Я придумал фильм, когда сам стал замечать, как конформизм проник внутрь меня и стал неотъемлемой частью моей жизни. Ты думаешь, что сопротивляешься, и не замечаешь, как начинаешь подчиняться навязанным правилам. И вот, ты уже внутри системы, и назад пути будто бы нет. В декабре мне по цензурным соображениям отменили проект. Знаю, что очень большие фигуры из российского кинематографа не могут выйти из той системы, в которой они оказались. Раньше были полутона, но сейчас они напрочь исчезли.
— А что это был за проект?
— Я даже не хочу тратить время на его обсуждение. Я перевернул эту страницу. Вообще, очень многое пришлось перевернуть и забыть после начала *****. Проекты перестали иметь значение. Сейчас необходимо переосознать многие ценности и найти новую модель жизни.
— Для главного героя из содербергского сериала «Больница Никербокер» это кончилось летально.
— Тот врач, о котором я говорю, успешно провел операцию. С ним все было в порядке. Будем ориентироваться на него.
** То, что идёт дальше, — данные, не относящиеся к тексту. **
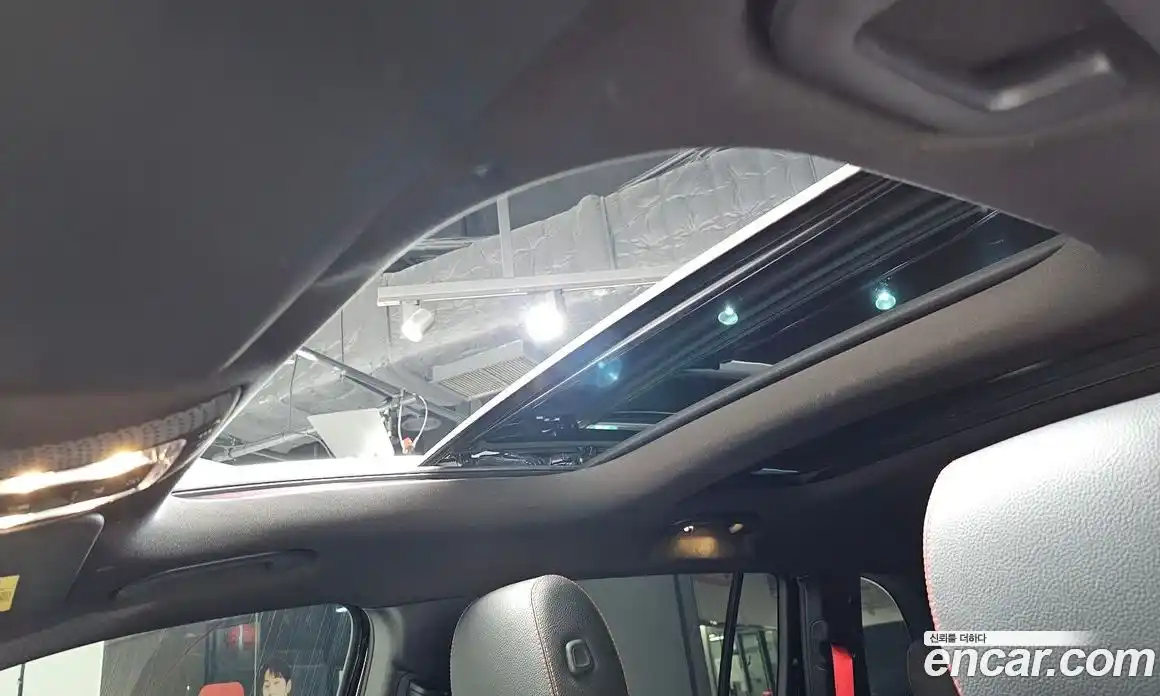 Mercedes-Benz GLB-Class 2023 2.0 Автомат в Москве № 205182, фото 19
— «Казнь» снята при поддержке МИДа и Фонда кино. Было какое‑то влияние сверху?
— Нет, влияния не было. Мы получили государственную поддержку Фонда кино в 2020 году. Хотя он иногда поддерживает сомнительные проекты и стал для части зрителей своего рода черной меткой. Однако мне хотелось показать, что кино может быть разным, в том числе с поддержкой государства. Еще нас поддержал «Кинопрайм», который во многом сформировал современный образ российского кино.
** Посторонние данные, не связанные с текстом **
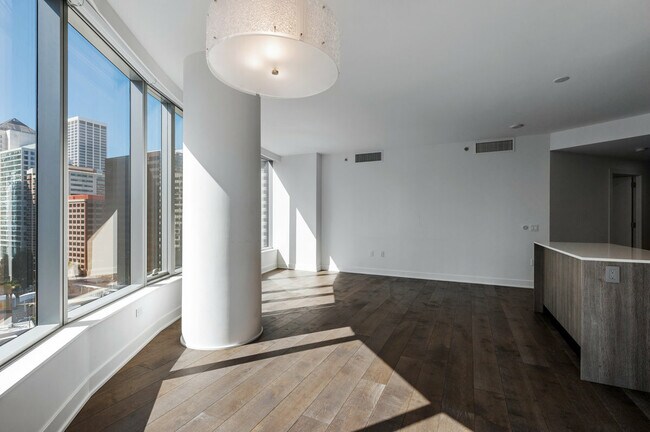 Building Photo - 201 Folsom St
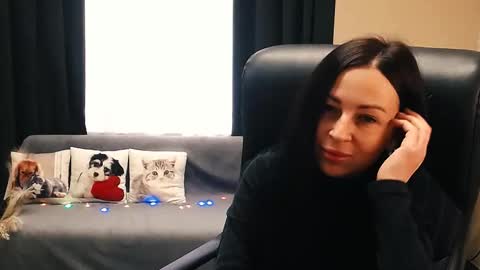 Luisa online show from October 2025 08:12:01 AM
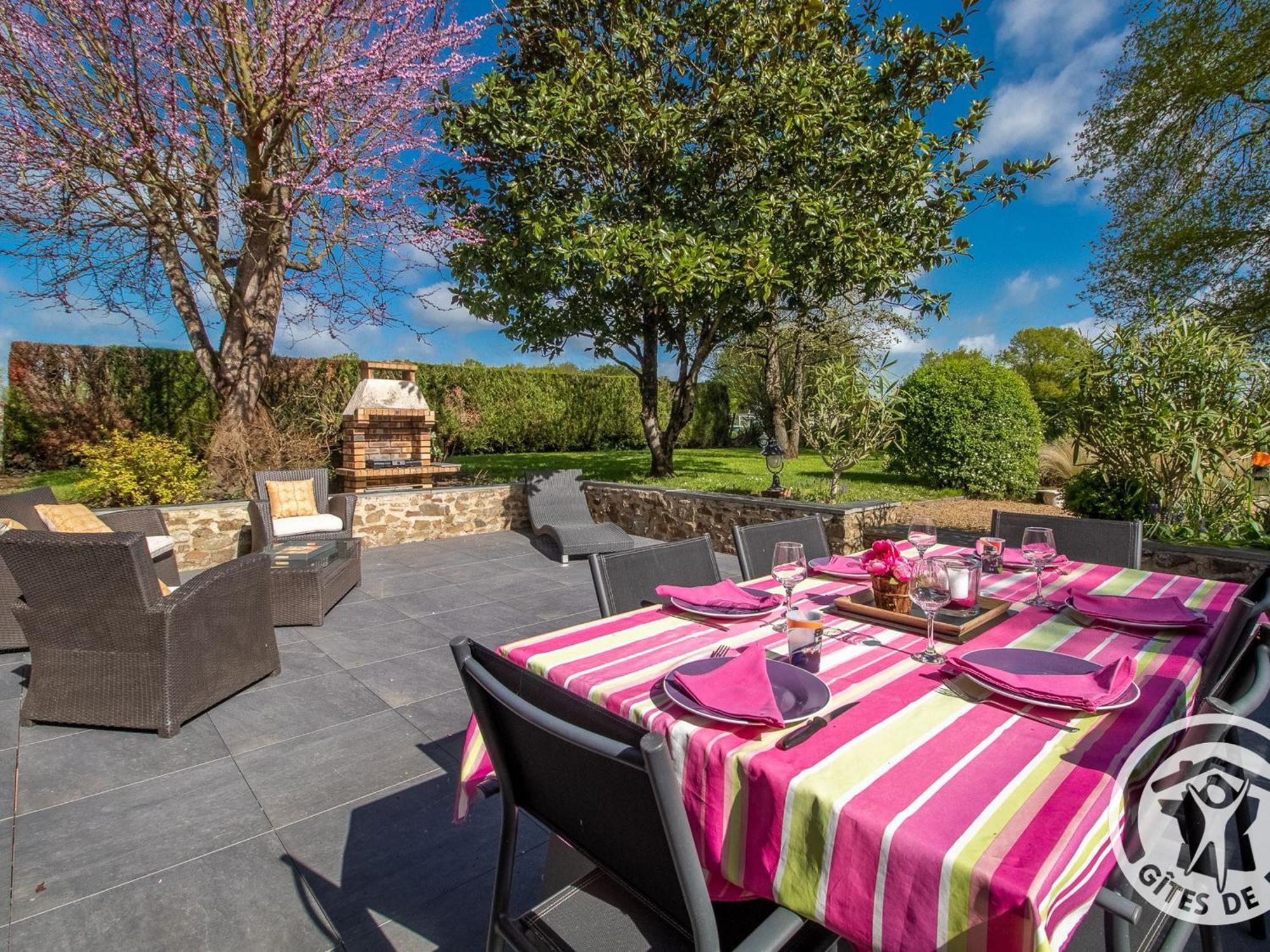 Gite Charmant Avec Jardin, Proche Activites Nautiques - Fr-1-622-75 Morannes sur Sarthe-Daumeray Exterior photo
24 февраля была пройдена точка невозврата. Восемь лет я относился к событиям на Донбассе как к фону. Мир был открыт, мы все реализовывали свои амбиции. Скажу честно, я не был так уж углублен в этот вопрос. Но после 24 февраля я не могу и не имею морального права брать деньги у государственных структур, будь то Фонд кино или любой другой источник государственного финансирования. Пока я не понимаю, как делать дальше кино в России в новых реалиях. Вся жизнь обнулилась. Хотя понятно, что сейчас огромное количество денег будет выделяться на контент.
— Какое кино ты бы снял, если бы была свобода выбора?
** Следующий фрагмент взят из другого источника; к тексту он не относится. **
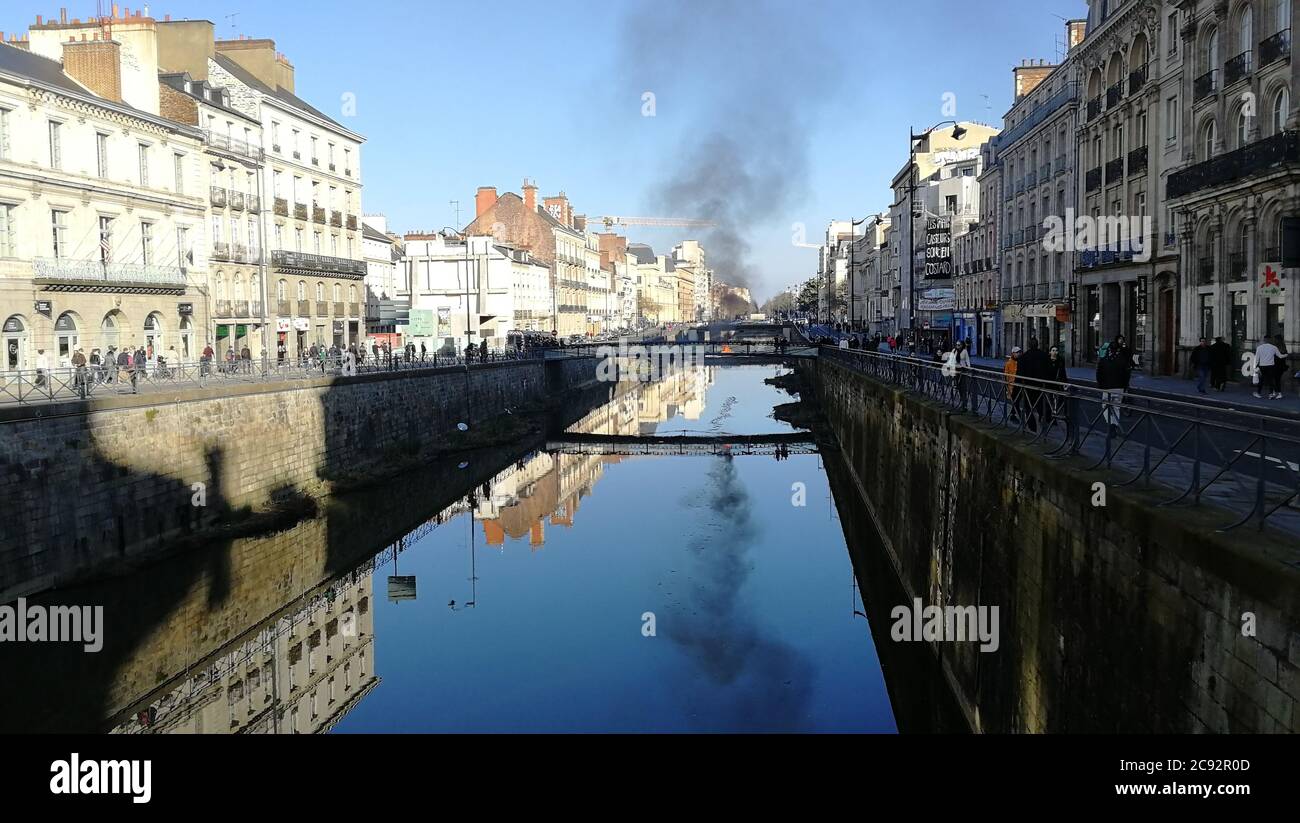 Rennes, Frankreich - Feb/08/2019: Die Gelbe Weste in Rennes protestiert auf dem Hauptplatz der Stadt Stockfoto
— Мне бы очень хотелось снять фильм про Политковскую. Понятно, что в нынешних условиях это невозможно. Журналистика сейчас умирает, и ее убийство абсолютно символично. Понятно, что сейчас все будет под контролем цензуры. Будет ура-патриотическое кино и комедии. Будет эпоха режиссеров контента. Это плачевная ситуация, потому что как раз появилась целая волна талантливых молодых режиссеров.
— Кого ты имеешь в виду?
— Филиппа Юрьева, Киру Коваленко, Катю Селенкину, Кирилла Соколова, Егора Абраменко, Кантемира Балагова, Александра Ханта и многих других. Формировалась новая среда, было движение, появлялись голоса. И я уверен, что они будут звучать дальше!